Lo más importante del fútbol son los recuerdos que le vamos a contar a nuestros nietos. Algún día sabrán de abuelos que se bambolearon 10 horas cantando  campeón en trenes que partieron de Moscú hacia una ciudad llamada Saransk que ni los rusos saben ubicar en el mapa. Que un ejército de camisetas blanquirrojas se afincó entre edificios que parecen Legos ante la mirada de vecinos que tienen el carisma de cajeros automáticos: reservados, introvertidos. Hongos con dos piernas.

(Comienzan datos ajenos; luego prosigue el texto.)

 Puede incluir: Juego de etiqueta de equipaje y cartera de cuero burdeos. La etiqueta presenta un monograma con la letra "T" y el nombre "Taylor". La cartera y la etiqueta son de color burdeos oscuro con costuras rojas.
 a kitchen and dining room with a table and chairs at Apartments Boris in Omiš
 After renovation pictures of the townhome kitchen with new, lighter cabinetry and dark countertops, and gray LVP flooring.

Más de 20 mil compatriotas han tomado una ciudad de apenas 320 mil habitantes. Están desde los que renunciaron a su chamba y vendieron el auto hasta un tipo que salió de Okinawa sin entrada ni hospedaje y pasó la noche de 8 grados metido en un juego para niños que está en un parque a 300 metros del estadio. También se ven rostros conocidos como el de Adrián Zela, el central que entró en los últimos minutos contra Nueva Zelanda y que llegó en un avión como un hincha más para alentar a la selección.

Luego de lo visto aquí y en Moscú, no es exagerado afirmar que los peruanos están en el podio de los más numerosos y bulliciosos junto a los argentinos. Pero los nuestros no cantan con tono burlón preguntando qué se siente tener en casa a papá. Silban y tararean cómo no te voy a querer todo el bendito día, manifestación patriótica que termina con el siempre gratificante: “¡Viva el Perú, carajo!”

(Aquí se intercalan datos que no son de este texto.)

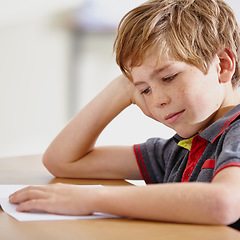 Image showing Class, notebook and bored boy at desk, learning and education with school exam. Reading book, studying for test and child student in classroom with knowledge and thinking with depression on project.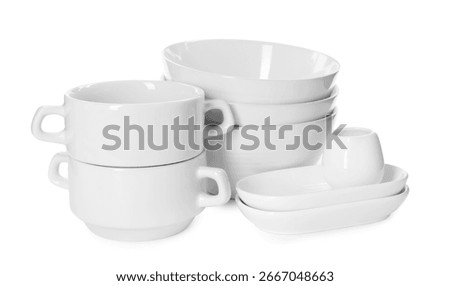 Set of different clean dishware isolated on white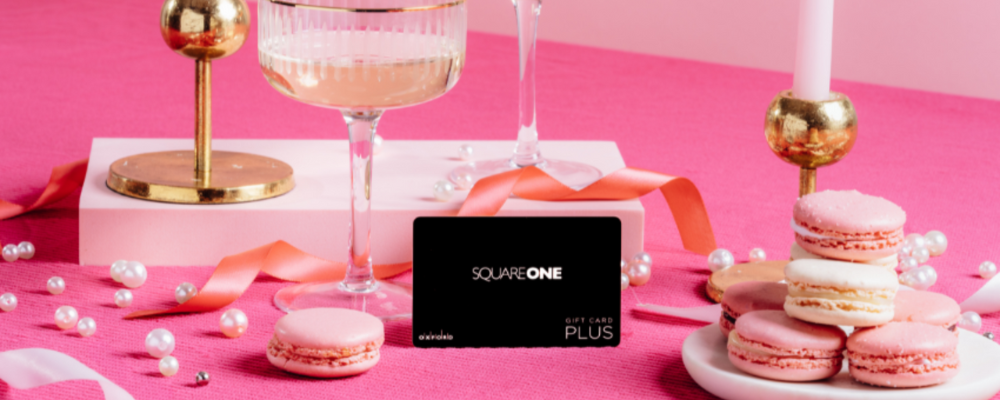 A Square One gift card in the centre of a festive Valentine's Day tablescape.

Que lo digan los que han pasado por la calle Nikolskaya de la capital rusa. Al inicio de esta vía decorada con hileras de focos de estilo navideño, se suelen ubicar los egipcios con gorritos de faraones gritando sabe Dios qué canciones dedicadas a Salah, luego aparecen los marroquíes que repiten el lema nacional: Alá, Al Watan, Al Malik (Dios, patria y el rey), de ahí vienen los argentinos, grupitos de uruguayos y mexicanos, pero los peruanos son los únicos que se cuentan por decenas, con bombos y banderas gigantes colgadas en las paredes. La misma escena se repite en Saransk.

La euforia contagia, anima, pero no es lo más importante. Lo mejor hasta el momento es ver a hinchas que se identifican por una camiseta y se saludan con afecto sin saber sus nombres. Saben que son peruanos y eso basta. Padres que fueron adolescentes en el 82 con hijos que sufrieron los noventa ahora andan arropados por una sensación de que todo va a salir bien. De que todo ha valido la pena. Nadie, ni siquiera un mastodonte danés, nos podrá quitar esta alegría compartida.